Fue el coche que nos llevaba a Granada para ver al hermano mayor que estaba estudiando, en aquellas incursiones eternas en las que teníamos que atravesar ese desierto sentimental que era para nosotros el Ricaveral, un laberinto de curvas del que casi siempre salíamos mal parados. Al salir del Ricaveral había que detenerse para estirar las piernas, para despejar la cabeza y a veces para dejar el estómago vacío y aliviar el mareo. En los primeros tiempos, con el coche recién estrenado, cada viaje era una aventura a la que se apuntaban los vecinos del barrio, por lo que más de una vez el Renault 4 de mi padre parecía el autobús del Zapillo en hora punta. Los niños atrás, al maletero, sentados en cajas de madera y los adultos bien apretujados en el asiento trasero, para que nadie echara en falta el cinturón de seguridad.

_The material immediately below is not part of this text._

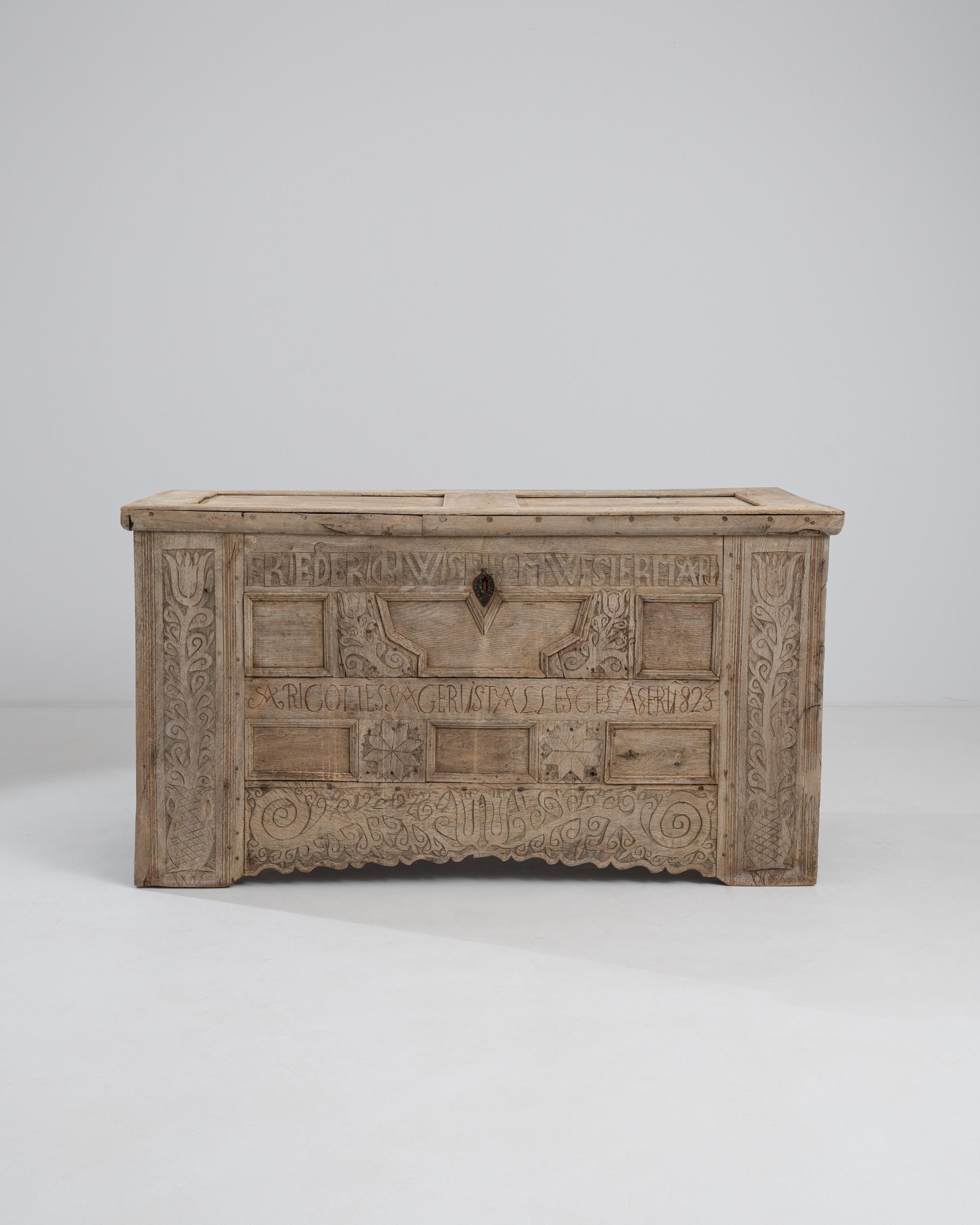 Un baule in legno proveniente dalla Germania, circa 1823. Questo enorme tronco è scrupolosamente scolpito dalla testa ai piedi con una sensibilità horror vacuii. Intagliato con il nome dell'ex proprietario, le lettere e i motivi floreali e stellari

Aquel coche vino a cambiarnos la vida como a tantas familias en los años sesenta. Indicaba el progreso de mi casa, la buena marcha de la tienda que al principio se nutrió con los portes que mi padre hacía en un carro de madera. Con los primeros ahorros el carro se cambió por una bicicleta con un portaequipajes de madera sobre la rueda de atrás y después por una moto Vespa, que también fue un gran acontecimiento.
La Vespa no descansaba. Se utilizaba para ir a la alhóndiga, para traer los huevos de la vega, para llevar los recados a los clientes y para ir a Adra a ver el fútbol. La Vespa llegó con la idea de hacerse eterna porque en mi casa nadie podía pensar en metas mayores, pero los vientos soplaban a favor y unos años después se obró el milagro del coche, nuestro primer coche, al que acogimos como si mi madre acabara traer otro hijo al mundo, como un miembro más de nuestra familia, como uno de los nuestros.
El primer coche era, junto a la televisión, la señal inequívoca de que a una familia le iban bien las cosas. La mayoría se lo compraban para pagarlo a plazos y muchas veces tirando de lo poco que tenían ahorrado para darlo de entrada.
La llegada del primer coche era un acontecimiento de los grandes y en el seno de las familias se celebraba como una fiesta. Y esa tarde, cuando el padre aparecía por la esquina conduciendo el vehículo, los hijos corrían para coger sitio y disfrutar del primer paseo. A muchos, aquel perfume a nuevo que echaban los coches recién estrenados se nos quedó grabado en lo más hondo de nuestra memoria.
Cuando en una calle alguien se compraba el primer coche, todos los vecinos pasaban por su casa para verlo, con la misma solemnidad y con las mismas emociones que se compartían cuando a una familia llegaba el primer hijo.
El coche te daba prestigio, te colocaba en un escalón por encima de los que iban en moto, y a dos de los que sólo podían mantener una bicicleta. El primer coche fue cambiando la vida de la gente y también le cambió el pulso a la ciudad. Aquella estampa antigua de domingos de caminatas de una punta a otra del Paseo, de familias y parejas de novios paseando por el Parque y por el puerto, empezó a derrumbarse cuando los coches se fueron generalizando y cuando se puso de moda salir los domingos a comer al campo.